Panda Power filed suit in 2016 against ERCOT, alleging the grid operator issued “seriously flawed or rigged” energy demand projections that prompted the Dallas power company to invest $2.2 billion to build three power plants early last decade. The plants ended up losing billions of dollars, with one forced into bankruptcy.

ERCOT’s reports calling for more power generators came in the aftermath of a major ice storm in February 2011, which crippled Texas power plants and forced rolling blackouts across the state.

Panda Power’s case was halted in 2018 when an appeals court in Dallas asserted ERCOT was protected from lawsuits by sovereign immunity. The Texas Supreme Court in June 2020 said it would review the appellate court decision, heard the case in September 2020 and is expected to render a decision before it recesses in June.
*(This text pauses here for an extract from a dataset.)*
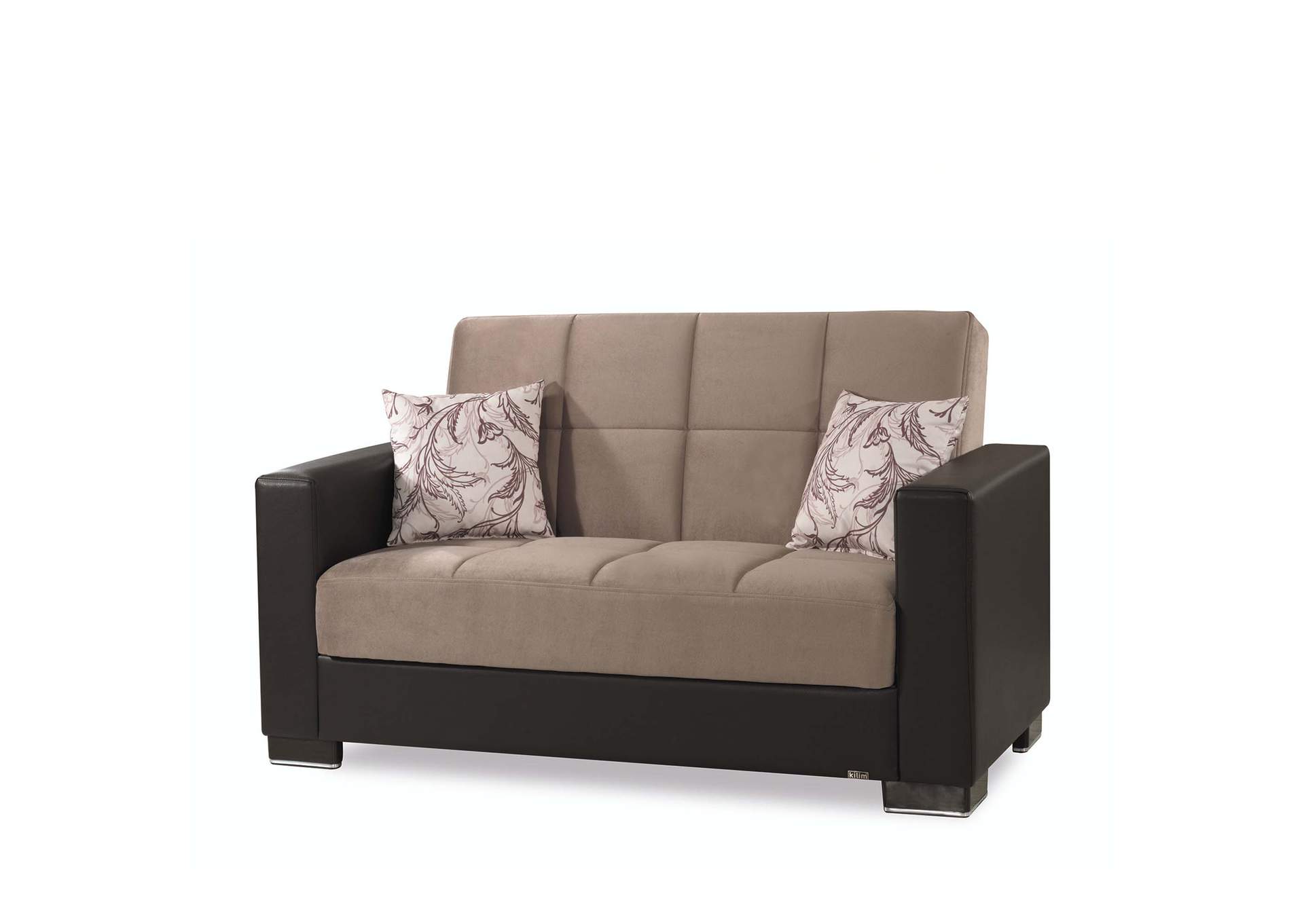 Armada Loveseat Seat - #9 Sand - Brown image 4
We’ll see about that. There’s definitely some pressure, on the courts and on the Lege and on Greg Abbott, to Do Something about all this – and again, I remind you, that the “all this” in question is what was supposed to happen based on existing laws. How long that pressure lasts, and what happens if there are no legal or legislative outlets for it, that’s the big political question.

UPDATE: Multiple ERCOT board members have resigned. All are folks who did not live in Texas, which yes is one of the weirder things about ERCOT. Not directly related to this story, but this is as good a place as any to note it.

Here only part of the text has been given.